* _INFORMATION SUPPLIED_
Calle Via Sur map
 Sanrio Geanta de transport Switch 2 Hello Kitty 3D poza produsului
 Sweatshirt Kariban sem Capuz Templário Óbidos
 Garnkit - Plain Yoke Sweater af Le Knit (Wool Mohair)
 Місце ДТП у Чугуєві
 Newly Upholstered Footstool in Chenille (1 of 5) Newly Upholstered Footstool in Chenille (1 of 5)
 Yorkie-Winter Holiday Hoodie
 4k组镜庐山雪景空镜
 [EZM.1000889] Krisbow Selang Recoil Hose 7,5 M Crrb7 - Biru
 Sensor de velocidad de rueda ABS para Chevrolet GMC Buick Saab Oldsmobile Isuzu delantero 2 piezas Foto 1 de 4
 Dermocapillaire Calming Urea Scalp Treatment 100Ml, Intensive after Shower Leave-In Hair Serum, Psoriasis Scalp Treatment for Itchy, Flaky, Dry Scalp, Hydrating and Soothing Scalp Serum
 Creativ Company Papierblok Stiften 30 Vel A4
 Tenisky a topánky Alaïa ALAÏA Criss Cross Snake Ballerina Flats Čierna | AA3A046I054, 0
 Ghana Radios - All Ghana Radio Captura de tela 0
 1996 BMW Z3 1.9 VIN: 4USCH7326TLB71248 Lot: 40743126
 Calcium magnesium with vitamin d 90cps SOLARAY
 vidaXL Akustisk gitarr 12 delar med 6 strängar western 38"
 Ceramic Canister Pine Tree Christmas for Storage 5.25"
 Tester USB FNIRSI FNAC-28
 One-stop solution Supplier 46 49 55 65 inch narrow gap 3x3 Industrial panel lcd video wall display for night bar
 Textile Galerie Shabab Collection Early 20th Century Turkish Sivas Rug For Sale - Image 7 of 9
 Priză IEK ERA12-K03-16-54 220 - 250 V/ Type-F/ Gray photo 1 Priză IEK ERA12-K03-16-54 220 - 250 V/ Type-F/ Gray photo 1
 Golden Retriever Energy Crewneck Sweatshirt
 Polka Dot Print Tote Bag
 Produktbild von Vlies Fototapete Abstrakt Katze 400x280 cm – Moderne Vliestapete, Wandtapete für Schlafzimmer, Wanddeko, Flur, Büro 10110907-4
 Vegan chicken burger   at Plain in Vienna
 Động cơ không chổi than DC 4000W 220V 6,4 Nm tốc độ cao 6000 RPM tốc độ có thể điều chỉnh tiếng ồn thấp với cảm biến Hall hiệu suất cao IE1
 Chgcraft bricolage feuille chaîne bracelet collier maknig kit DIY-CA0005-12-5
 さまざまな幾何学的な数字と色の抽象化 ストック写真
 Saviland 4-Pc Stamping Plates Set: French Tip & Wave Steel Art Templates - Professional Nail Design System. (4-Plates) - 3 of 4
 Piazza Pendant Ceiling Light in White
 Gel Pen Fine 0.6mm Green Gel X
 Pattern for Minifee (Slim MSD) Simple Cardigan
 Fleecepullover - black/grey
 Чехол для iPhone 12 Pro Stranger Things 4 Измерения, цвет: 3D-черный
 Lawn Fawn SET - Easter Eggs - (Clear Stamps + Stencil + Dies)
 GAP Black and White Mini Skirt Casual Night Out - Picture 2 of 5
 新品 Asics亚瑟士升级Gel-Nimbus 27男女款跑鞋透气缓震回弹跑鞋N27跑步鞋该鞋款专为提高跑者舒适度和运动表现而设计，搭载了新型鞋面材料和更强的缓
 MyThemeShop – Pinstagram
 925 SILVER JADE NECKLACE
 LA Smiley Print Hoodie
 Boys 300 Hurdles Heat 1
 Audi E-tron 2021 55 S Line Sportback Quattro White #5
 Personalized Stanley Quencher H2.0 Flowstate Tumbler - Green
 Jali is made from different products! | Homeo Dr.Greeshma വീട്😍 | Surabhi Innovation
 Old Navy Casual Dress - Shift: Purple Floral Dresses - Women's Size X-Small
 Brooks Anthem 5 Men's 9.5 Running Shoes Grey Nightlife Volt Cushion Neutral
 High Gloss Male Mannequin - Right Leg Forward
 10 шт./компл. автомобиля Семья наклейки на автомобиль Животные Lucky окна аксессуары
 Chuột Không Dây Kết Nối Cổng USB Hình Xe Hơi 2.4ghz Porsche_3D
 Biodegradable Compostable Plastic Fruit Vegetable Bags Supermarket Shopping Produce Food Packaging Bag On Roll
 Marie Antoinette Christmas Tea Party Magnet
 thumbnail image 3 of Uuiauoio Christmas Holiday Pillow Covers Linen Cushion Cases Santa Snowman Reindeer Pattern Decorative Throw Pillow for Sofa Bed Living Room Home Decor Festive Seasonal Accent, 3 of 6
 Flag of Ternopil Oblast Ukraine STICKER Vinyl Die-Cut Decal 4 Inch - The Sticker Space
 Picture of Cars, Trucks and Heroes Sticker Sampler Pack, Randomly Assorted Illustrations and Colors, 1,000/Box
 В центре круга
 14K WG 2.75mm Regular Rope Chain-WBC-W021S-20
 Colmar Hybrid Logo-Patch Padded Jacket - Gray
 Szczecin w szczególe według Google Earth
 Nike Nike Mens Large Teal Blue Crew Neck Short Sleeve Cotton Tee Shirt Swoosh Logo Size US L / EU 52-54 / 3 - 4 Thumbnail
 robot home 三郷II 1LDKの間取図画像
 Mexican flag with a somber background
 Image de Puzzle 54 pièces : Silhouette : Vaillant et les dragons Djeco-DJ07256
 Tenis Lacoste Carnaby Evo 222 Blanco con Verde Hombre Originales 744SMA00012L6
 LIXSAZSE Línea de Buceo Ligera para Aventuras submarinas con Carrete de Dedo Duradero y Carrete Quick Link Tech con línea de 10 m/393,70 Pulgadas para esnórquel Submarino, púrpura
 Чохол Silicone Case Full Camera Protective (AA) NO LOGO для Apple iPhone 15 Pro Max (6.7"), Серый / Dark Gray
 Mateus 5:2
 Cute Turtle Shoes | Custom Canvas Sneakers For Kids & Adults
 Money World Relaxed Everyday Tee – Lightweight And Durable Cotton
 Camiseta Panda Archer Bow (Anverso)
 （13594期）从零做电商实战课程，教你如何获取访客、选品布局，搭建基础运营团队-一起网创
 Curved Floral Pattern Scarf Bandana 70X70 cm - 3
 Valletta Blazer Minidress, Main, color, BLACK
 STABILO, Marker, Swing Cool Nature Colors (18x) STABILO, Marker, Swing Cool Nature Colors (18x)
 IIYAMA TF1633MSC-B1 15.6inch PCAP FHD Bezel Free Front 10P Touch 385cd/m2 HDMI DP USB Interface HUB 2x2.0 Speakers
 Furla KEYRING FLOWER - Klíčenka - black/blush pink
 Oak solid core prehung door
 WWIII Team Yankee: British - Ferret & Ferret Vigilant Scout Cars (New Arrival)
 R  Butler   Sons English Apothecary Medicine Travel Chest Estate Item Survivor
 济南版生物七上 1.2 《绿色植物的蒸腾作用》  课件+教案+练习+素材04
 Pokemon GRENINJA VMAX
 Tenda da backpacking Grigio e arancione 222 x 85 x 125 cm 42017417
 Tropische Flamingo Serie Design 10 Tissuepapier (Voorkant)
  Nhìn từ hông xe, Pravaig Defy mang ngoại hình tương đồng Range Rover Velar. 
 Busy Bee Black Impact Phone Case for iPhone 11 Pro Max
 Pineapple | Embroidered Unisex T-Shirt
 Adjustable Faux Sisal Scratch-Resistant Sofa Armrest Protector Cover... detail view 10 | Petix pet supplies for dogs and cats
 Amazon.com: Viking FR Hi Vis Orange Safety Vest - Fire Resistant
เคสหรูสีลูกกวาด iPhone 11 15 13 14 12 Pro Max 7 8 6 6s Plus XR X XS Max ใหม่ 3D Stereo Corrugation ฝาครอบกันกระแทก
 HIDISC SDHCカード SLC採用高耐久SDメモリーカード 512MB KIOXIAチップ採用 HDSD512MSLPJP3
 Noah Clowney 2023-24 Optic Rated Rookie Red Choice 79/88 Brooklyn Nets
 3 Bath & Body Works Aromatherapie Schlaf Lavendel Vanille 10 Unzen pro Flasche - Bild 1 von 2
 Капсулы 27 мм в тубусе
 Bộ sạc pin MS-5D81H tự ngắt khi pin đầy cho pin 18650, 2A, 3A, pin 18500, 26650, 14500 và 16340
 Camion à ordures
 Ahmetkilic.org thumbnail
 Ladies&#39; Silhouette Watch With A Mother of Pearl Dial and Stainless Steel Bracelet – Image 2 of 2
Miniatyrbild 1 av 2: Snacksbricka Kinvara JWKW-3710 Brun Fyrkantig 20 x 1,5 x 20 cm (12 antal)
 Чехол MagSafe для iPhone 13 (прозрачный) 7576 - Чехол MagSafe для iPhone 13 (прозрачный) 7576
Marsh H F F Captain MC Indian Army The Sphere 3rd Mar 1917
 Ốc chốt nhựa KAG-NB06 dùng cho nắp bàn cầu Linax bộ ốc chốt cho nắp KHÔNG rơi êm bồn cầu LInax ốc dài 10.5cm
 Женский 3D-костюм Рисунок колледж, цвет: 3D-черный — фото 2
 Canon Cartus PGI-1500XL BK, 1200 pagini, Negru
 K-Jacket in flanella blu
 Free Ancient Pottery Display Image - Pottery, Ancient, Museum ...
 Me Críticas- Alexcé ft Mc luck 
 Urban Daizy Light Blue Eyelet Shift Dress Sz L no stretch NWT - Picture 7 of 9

* _ACTIVITY_
Among the records above, only the lines between the line holding "Sweatshirt Kariban sem" and the line holding "Sensor de velocidad", inclusive, are to be output, exactly as written.

* _FINAL ANSWER_
 Sweatshirt Kariban sem Capuz Templário Óbidos
 Garnkit - Plain Yoke Sweater af Le Knit (Wool Mohair)
 Місце ДТП у Чугуєві
 Newly Upholstered Footstool in Chenille (1 of 5) Newly Upholstered Footstool in Chenille (1 of 5)
 Yorkie-Winter Holiday Hoodie
 4k组镜庐山雪景空镜
 [EZM.1000889] Krisbow Selang Recoil Hose 7,5 M Crrb7 - Biru
 Sensor de velocidad de rueda ABS para Chevrolet GMC Buick Saab Oldsmobile Isuzu delantero 2 piezas Foto 1 de 4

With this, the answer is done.